(LISTED RECORDS)

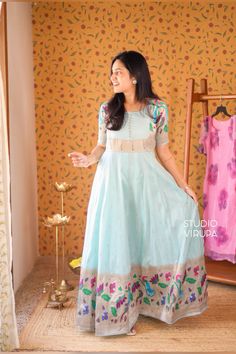 This semi silk Paithani dress is a perfect traditional attire for functions and temple visits. Its elegant and versatile style suits various occasions, adding a touch of cultural beauty to your wardrobe. Blue Dress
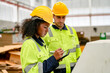 © FotoArtist - Industrial worker indoors in factory. Young technician with orange hard hat. Smart Caucasian factory worker wearing hardhat and working in power plant.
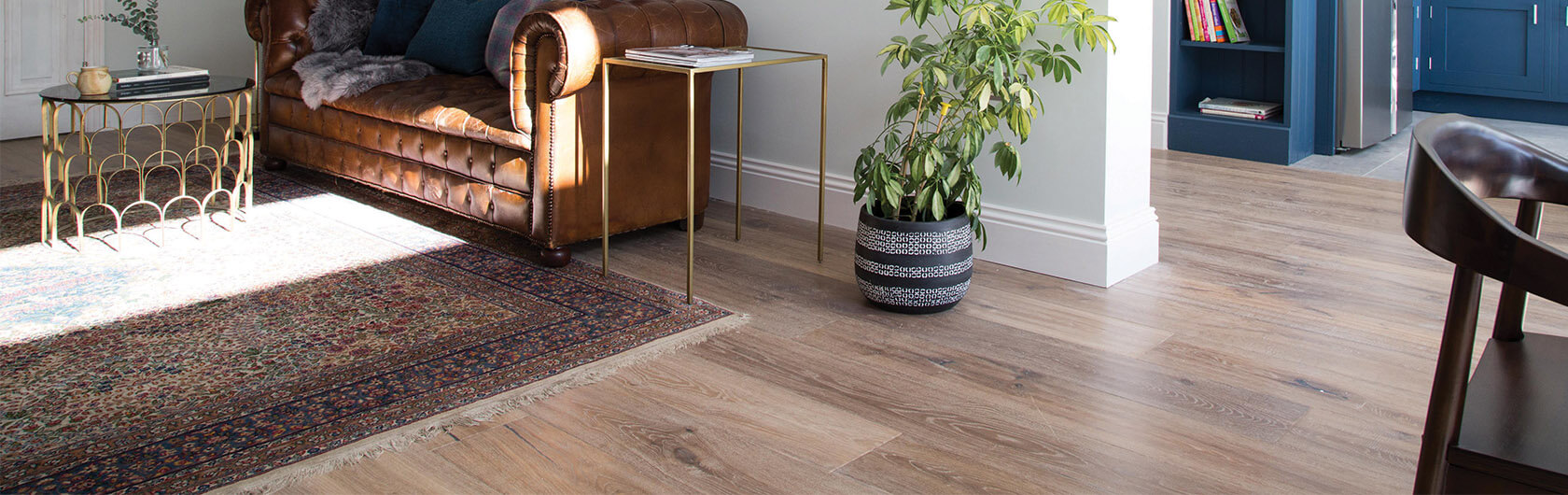 A light Ted Todd flooring with a green plant and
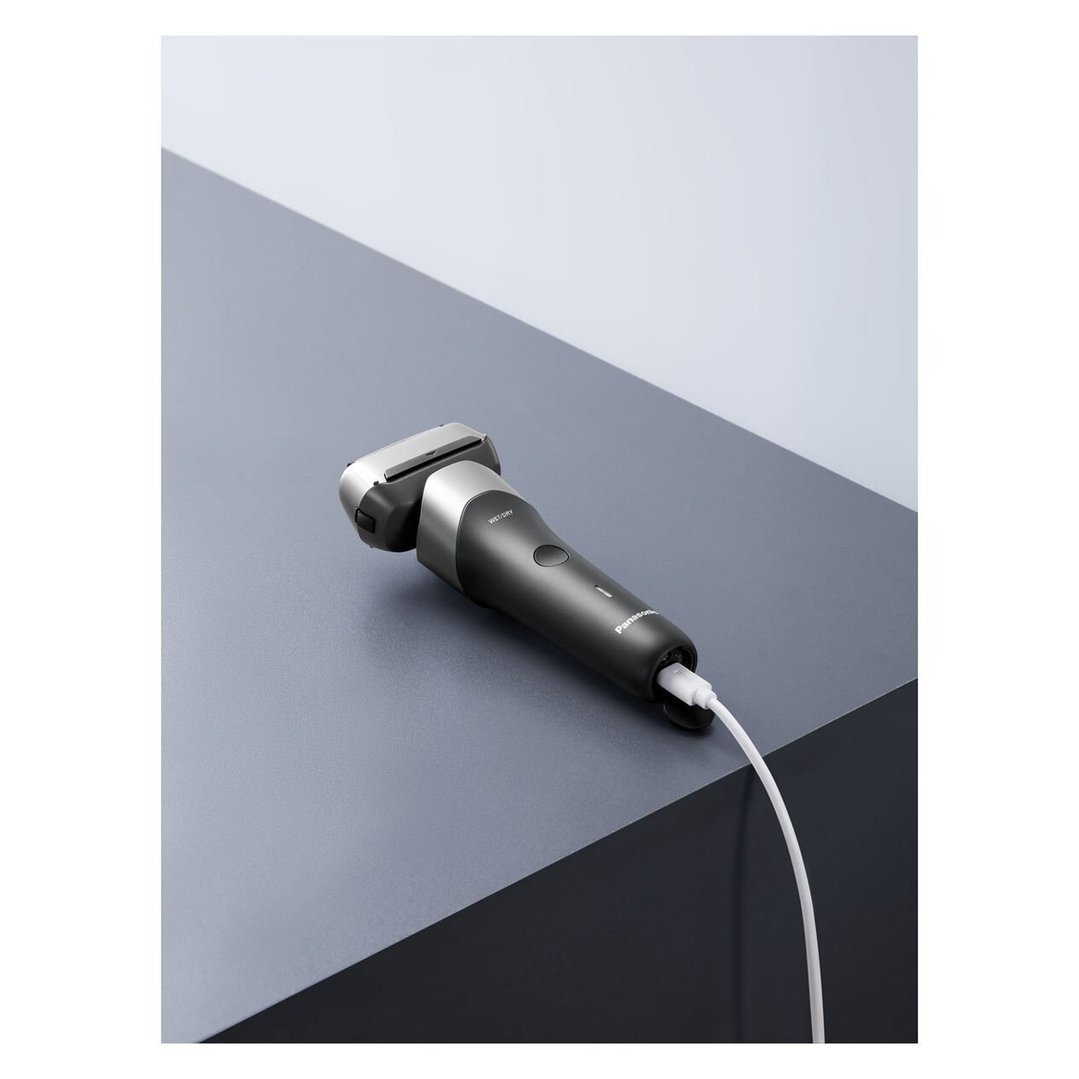 Black Panasonic electric shaver charging on a two-tone grey surface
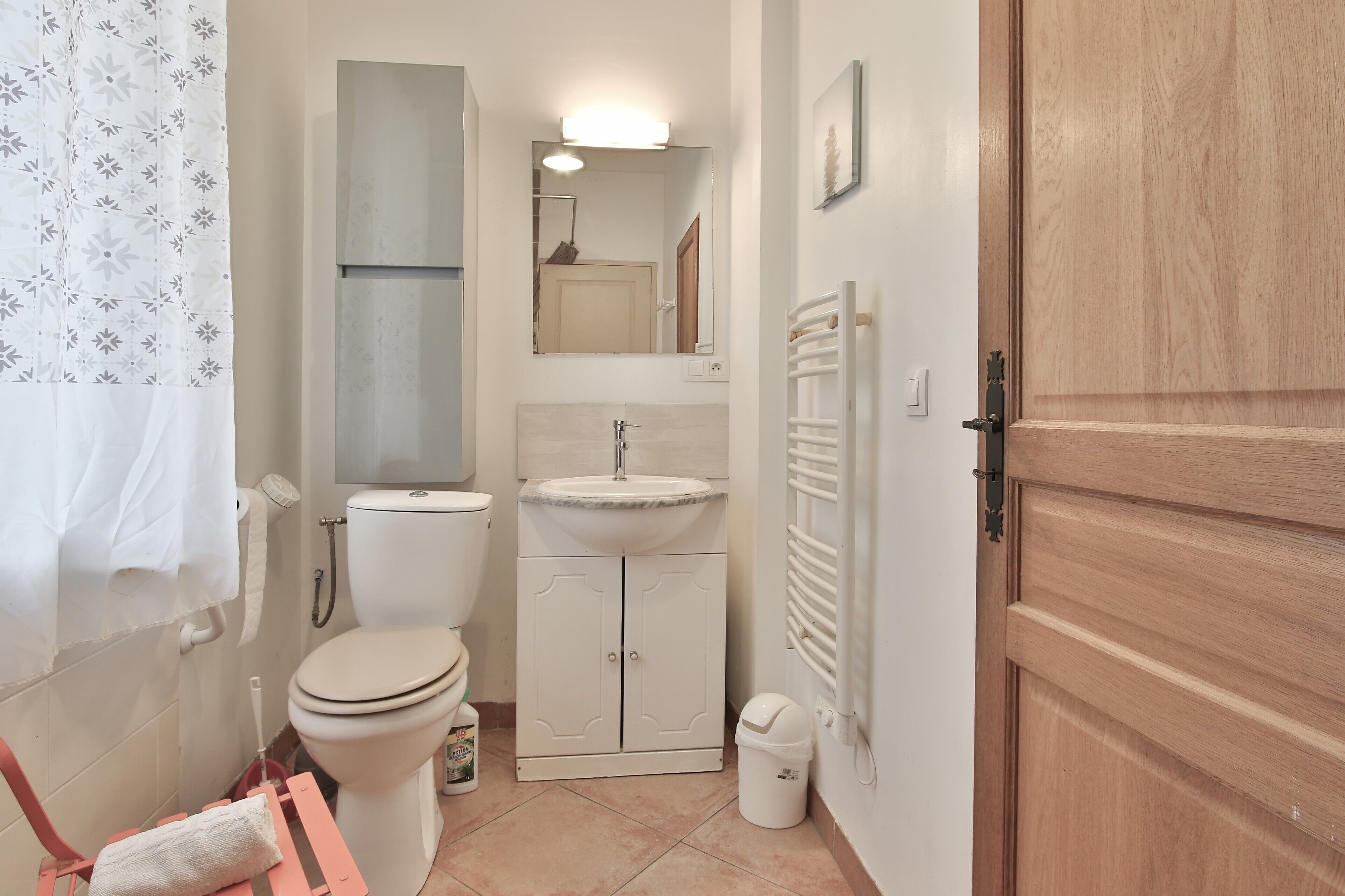 Une salle de bain équipée de toilettes, d’un lavabo, d’un miroir et d’un rideau de douche.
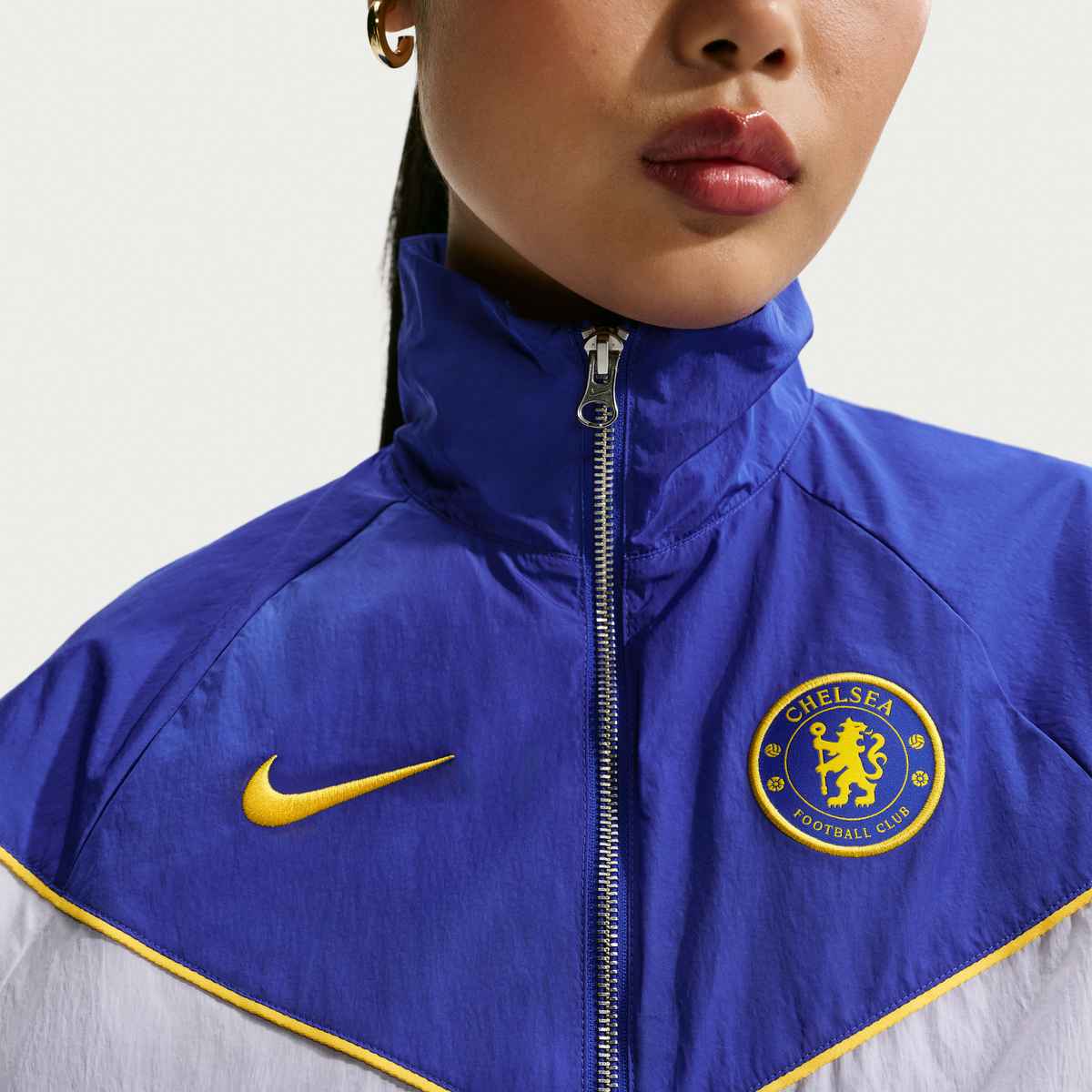 Person wearing a blue Chelsea FC jacket with Nike logo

(End LISTED RECORDS)

PROBLEM TO SOLVE
Would you return all of the data above word for word, omitting every picture?

EXERCISE SOLUTION
 This semi silk Paithani dress is a perfect traditional attire for functions and temple visits. Its elegant and versatile style suits various occasions, adding a touch of cultural beauty to your wardrobe. Blue Dress
 © FotoArtist - Industrial worker indoors in factory. Young technician with orange hard hat. Smart Caucasian factory worker wearing hardhat and working in power plant.
 A light Ted Todd flooring with a green plant and
 Black Panasonic electric shaver charging on a two-tone grey surface
 Une salle de bain équipée de toilettes, d’un lavabo, d’un miroir et d’un rideau de douche.
 Person wearing a blue Chelsea FC jacket with Nike logo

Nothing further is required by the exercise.